_Task requirements:_
Two lines below mark the span: the one containing "17600 Jerrold, Mendota, CA 93640 - #2" and the one containing "hollister sweatshirt". Set down both, plus every line between, exactly as they stand, and nothing else.

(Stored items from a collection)

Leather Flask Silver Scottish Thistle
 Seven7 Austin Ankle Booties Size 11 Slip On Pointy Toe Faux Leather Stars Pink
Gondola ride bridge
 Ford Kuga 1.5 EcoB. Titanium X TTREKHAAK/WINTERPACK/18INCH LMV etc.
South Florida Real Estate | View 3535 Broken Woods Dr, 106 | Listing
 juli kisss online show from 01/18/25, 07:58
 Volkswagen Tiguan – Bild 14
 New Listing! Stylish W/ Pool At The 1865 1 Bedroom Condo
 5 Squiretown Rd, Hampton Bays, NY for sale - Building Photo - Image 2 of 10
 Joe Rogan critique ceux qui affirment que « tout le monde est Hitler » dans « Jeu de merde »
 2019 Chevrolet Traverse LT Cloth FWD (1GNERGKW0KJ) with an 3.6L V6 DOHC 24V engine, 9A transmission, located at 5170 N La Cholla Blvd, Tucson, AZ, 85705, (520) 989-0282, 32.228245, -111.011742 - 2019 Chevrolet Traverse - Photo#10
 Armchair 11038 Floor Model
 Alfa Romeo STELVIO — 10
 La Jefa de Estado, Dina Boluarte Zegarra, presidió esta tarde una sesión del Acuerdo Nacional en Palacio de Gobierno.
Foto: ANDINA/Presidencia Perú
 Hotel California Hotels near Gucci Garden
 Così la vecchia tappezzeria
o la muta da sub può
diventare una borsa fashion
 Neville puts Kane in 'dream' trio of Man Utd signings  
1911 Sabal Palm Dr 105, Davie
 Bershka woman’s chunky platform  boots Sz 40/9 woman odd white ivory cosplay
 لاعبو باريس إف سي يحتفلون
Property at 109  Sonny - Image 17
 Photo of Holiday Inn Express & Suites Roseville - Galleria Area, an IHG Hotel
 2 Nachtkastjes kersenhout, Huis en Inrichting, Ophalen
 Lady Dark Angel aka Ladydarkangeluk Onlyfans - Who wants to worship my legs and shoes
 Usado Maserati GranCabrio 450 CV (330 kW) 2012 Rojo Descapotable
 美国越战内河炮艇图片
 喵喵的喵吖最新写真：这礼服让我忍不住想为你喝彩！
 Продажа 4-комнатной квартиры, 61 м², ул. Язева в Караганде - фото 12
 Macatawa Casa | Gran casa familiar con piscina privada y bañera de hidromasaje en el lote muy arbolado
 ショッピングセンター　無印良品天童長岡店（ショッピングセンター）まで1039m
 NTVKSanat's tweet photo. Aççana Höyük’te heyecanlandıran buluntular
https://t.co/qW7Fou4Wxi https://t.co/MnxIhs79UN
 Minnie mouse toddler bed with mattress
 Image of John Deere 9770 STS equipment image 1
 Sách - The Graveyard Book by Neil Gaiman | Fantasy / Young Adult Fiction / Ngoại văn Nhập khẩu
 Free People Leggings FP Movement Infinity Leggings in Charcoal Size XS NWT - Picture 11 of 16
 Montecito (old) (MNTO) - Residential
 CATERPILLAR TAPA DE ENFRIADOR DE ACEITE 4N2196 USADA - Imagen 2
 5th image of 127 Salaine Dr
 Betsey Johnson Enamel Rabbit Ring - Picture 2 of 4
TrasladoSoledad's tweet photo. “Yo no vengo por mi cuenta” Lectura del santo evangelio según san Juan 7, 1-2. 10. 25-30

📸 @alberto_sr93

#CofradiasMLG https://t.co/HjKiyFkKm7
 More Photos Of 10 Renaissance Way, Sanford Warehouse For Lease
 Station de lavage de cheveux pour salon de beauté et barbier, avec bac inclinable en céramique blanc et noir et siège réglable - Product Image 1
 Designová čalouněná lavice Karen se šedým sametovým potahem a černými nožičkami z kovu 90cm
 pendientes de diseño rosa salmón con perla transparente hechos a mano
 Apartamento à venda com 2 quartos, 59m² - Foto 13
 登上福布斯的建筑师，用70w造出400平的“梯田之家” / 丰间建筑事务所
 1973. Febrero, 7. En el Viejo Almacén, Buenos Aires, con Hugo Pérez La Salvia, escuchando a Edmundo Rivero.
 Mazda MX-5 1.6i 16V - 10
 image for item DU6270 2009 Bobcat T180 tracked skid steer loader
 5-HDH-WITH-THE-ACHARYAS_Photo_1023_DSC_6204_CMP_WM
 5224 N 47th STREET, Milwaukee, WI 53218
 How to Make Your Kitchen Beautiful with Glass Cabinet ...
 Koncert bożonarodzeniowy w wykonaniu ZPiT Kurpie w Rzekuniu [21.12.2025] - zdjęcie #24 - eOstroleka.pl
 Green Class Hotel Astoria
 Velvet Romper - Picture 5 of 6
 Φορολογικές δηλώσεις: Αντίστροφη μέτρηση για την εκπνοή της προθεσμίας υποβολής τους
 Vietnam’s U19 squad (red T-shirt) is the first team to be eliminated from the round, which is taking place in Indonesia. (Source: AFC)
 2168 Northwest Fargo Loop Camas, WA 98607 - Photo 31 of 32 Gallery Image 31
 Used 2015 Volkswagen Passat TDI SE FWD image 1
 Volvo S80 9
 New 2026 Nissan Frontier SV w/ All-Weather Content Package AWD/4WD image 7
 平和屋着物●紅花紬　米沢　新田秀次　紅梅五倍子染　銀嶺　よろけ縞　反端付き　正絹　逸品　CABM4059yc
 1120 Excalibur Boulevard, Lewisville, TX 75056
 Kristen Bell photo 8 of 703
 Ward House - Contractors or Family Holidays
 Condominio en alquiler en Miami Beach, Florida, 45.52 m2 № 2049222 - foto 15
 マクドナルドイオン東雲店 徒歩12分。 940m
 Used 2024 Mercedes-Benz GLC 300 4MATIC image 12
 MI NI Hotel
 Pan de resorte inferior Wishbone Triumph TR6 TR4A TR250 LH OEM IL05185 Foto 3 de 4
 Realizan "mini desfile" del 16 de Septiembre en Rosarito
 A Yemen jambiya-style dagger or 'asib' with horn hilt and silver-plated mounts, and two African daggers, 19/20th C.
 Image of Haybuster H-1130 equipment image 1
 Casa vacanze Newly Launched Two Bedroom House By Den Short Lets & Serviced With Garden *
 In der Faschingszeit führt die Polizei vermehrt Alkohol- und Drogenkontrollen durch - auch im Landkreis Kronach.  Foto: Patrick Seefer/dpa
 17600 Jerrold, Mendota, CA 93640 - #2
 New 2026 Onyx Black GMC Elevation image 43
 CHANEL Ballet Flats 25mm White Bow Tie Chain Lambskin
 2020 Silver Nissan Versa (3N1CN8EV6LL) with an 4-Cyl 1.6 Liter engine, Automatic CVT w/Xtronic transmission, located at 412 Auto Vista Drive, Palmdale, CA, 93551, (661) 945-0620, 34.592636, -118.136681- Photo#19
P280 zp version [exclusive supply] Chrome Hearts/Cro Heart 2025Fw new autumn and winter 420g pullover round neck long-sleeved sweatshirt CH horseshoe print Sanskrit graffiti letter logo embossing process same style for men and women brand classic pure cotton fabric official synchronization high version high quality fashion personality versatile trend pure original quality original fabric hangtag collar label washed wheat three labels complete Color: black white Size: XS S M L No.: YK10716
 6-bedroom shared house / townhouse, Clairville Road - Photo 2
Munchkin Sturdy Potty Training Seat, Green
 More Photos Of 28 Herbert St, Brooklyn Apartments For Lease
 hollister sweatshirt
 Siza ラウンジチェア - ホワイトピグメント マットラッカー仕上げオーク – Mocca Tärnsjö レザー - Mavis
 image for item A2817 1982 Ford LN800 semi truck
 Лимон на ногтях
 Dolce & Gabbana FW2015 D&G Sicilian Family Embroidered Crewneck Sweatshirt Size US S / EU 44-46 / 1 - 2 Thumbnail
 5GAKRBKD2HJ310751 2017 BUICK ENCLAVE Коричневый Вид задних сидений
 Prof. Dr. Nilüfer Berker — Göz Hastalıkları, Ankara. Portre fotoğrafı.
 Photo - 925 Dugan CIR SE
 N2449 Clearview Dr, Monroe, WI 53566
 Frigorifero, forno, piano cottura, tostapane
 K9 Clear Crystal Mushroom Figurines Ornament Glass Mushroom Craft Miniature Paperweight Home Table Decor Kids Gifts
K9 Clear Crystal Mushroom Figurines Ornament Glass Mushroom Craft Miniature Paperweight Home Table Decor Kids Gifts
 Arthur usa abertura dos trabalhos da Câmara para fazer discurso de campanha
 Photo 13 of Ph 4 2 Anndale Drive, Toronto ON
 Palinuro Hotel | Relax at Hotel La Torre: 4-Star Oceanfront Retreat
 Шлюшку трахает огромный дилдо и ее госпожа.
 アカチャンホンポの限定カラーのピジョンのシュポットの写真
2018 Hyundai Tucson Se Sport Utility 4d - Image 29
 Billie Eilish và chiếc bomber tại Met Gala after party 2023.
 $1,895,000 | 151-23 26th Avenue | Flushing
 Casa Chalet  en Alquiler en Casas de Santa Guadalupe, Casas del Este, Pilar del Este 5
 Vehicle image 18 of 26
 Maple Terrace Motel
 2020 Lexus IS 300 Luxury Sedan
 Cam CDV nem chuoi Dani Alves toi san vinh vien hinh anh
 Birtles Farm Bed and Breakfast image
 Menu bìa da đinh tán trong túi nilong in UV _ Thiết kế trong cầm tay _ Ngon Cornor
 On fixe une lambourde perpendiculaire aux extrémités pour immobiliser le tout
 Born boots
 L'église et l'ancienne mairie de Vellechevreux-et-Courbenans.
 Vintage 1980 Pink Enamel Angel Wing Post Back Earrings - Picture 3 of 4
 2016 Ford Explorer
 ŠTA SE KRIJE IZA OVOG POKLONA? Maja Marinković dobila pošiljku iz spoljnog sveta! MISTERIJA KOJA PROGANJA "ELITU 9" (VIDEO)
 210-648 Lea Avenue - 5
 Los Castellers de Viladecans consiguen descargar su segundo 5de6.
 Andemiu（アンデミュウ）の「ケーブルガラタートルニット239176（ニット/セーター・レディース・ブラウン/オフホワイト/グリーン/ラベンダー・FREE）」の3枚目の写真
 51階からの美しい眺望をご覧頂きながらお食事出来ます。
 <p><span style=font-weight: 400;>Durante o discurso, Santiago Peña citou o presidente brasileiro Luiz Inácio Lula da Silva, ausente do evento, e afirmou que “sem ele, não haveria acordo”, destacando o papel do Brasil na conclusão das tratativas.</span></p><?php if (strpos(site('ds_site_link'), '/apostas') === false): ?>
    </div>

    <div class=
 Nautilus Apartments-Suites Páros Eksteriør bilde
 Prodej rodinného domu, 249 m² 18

_Response below:_
 17600 Jerrold, Mendota, CA 93640 - #2
 New 2026 Onyx Black GMC Elevation image 43
 CHANEL Ballet Flats 25mm White Bow Tie Chain Lambskin
 2020 Silver Nissan Versa (3N1CN8EV6LL) with an 4-Cyl 1.6 Liter engine, Automatic CVT w/Xtronic transmission, located at 412 Auto Vista Drive, Palmdale, CA, 93551, (661) 945-0620, 34.592636, -118.136681- Photo#19
P280 zp version [exclusive supply] Chrome Hearts/Cro Heart 2025Fw new autumn and winter 420g pullover round neck long-sleeved sweatshirt CH horseshoe print Sanskrit graffiti letter logo embossing process same style for men and women brand classic pure cotton fabric official synchronization high version high quality fashion personality versatile trend pure original quality original fabric hangtag collar label washed wheat three labels complete Color: black white Size: XS S M L No.: YK10716
 6-bedroom shared house / townhouse, Clairville Road - Photo 2
Munchkin Sturdy Potty Training Seat, Green
 More Photos Of 28 Herbert St, Brooklyn Apartments For Lease
 hollister sweatshirt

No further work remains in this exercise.